# How to shrink a very large sparse matrix [closed]

Let $A$ be a matrix where $A \in \mathbb{F}^{n^s \times n^s}$ and $s>2$. Assume $A$ is a sparse matrix where its rank $\leq n$ and that there is only constant number of non-zero elements in each row. The positions of the non-zero elements are predefined.

My question: How can I fill a matrix of size $n \times n$ with an equal rank that each value is computed from the original matrix, where the complexity of that building would be $O(n^2)$? (randomized algorithms can also be considered)

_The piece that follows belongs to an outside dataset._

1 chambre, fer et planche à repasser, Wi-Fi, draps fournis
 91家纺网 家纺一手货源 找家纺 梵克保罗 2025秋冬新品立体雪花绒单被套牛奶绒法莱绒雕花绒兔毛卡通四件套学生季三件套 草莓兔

• @D.W. I made an edit. You can't pick a random matrix. and it would be impossible to compute rank in a regular manner as the complexity would exceed the limit of $O(n^2)$ Jun 5 '17 at 18:33
• I thought that the values will be a predefined gauss elimination values. BUT as I don't know the values of the matrix values before I'm prebuilding it (I.e which one is zero) I can't it doesn't looks like the it will fit. My direction is towards randomized algorithm ( fill the values with some randomize linear combination that might give a rank and can be easily computed). Jun 6 '17 at 6:27
• As I mentioned to build an $n \times n$ matrix, you must compute the rank first on the large matrix and this is what I'm trying to prevent because of the high complexity of it. Jun 6 '17 at 6:30
• OK. It might be helpful to edit the question to include that information. What is the best algorithm you know so far? How fast is it? What's the fastest algorithm you can find to compute the rank of $A$, given its special structure?
– D.W.
Jun 6 '17 at 7:53